Metro Weekly

Film Review: Gay drama ‘Nevrland’ is timely but tepid

The gay chat room thriller "Nevrland" underdelivers on its dark premise of strangers connecting online

nevrland, gay, film
Nevrland

Jakob, the 17-year old hero of the foreboding Austrian drama Nevrland (★★☆☆☆), is gripped by a sense of fear and isolation. The timid teen lives with his stoic Father (Josef Hader) and ailing, elderly Grandfather (Wolfgang Hübsch), but feels alone — if he feels anything at all. In his mind, he’s set apart not only by the port-wine stain marking his chest, but by his burgeoning sexuality, which he can’t control or discuss with anyone. In the evenings, he watches TV with dad and grandpa, while at night he retreats to his room to watch porn and cruise a chat app, where he meets Kristjan (Paul Forman), a 26-year old American living in Vienna.

Timing definitely is on the side of this story of a sensitive queer youth, just graduated from high school, experiencing profound anxiety over his — and the world’s — uncertain future. Who could blame him? Writer-director Gregor Schmidinger, making his feature debut along with Simon Früwirth as Jakob, evokes an ominous mood of anxiety and uncertainty in rich widescreen compositions of the boy’s lonely room, and in the macho environment of the bloody slaughterhouse where his father works, and gets him a job for the summer.

The meandering plot perks up at the slaughterhouse, as Jakob finds his angst exacerbated by jarring visions juxtaposing naked male flesh with fresh-killed hogs being carved into pieces. When Jakob’s father introduces pig-carving muscle daddy Murat (Anton Noori) to “show him the ropes” around the abattoir, the plot appears to really be perking up, but alas, the movie leaves Murat and his possibilities behind. Instead, Jakob pursues elusive online stranger Kristjan into the real world — but his chat buddy is hard to pin down. Throughout Jakob’s search for Kristjan, the movie teases a gossamer thread of mystery that doesn’t pay off.

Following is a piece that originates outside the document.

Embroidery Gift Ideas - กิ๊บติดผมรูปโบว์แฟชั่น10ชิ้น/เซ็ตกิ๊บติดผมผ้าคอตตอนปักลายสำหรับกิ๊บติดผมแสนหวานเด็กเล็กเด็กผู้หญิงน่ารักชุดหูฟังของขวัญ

Eventually, the strangers meet.

Even mediated by screens, and screens within screens, Frühwirth and Forman create compelling chemistry in their sensual, English-language chats. That’s despite Forman’s wooden acting and lots of dead air, in addition to the dead pigs. The film also captures Jakob’s debilitating anxiety well enough to form the question ruling his life: “How can I be real if I don’t feel anything?” Jakob is not alone in questioning his purpose in the universe, but Kristjan seems a hollow vessel for whatever message of discovery he’s seeking. The more experienced American doesn’t go further than acknowledging Jakob’s confusion and offering substance-aided psychedelia as an answer. They talk art and philosophy, and sex comes into play, too, but the drug DMT plays a larger role in the film’s ponderous, strobe-lit climax.

Nevrland

Ultimately, Nevrland settles on an extended trip to the Neverland of Jakob’s mind rather than developing an actual conclusion to his story. Aided by his powerful gaze, Frühwirth maintains a strong identification with the teen’s struggles, but his performance doesn’t noticeably progress from A to Z, or arrive anywhere eye-opening. And the film around him — dashed with half-hearted jump scares, several red herrings, and too many jump-cuts to pig carcasses — doesn’t emphatically stake a claim to what it wants to be. The dead animal visuals and pounding techno soundtrack call to mind Julia Ducournau’s 2016 flesh-eating tour-de-force Raw, but Nevrland never transmits its effects of suspense, horror, or post-millennial mindfuck with such persuasive confidence.

The film does tap into a mood that could reflect the current unsettled moment (despite the fact it was shot in 2018, and had its U.S. premiere at the 2019 Boston LGBT Film Festival). Schmidinger depicts a Vienna that seems largely deserted, or at least asleep, leaving the city a murky, private playground for just Kristjan, Jakob, and the denizens of the underground clubs Kristjan frequents. Jakob’s potential for human connection is sharply limited to home, work, and whatever chat room he can reach online. He might just as well be living under lockdown. And these days, his fear of what lies ahead of, or behind him, casts him more as an Everyman, than as the odd man out. Were his journey as captivating and complete as it is relatable, he might have served as the ideal avatar for a more or less captive audience of similarly disconnected souls.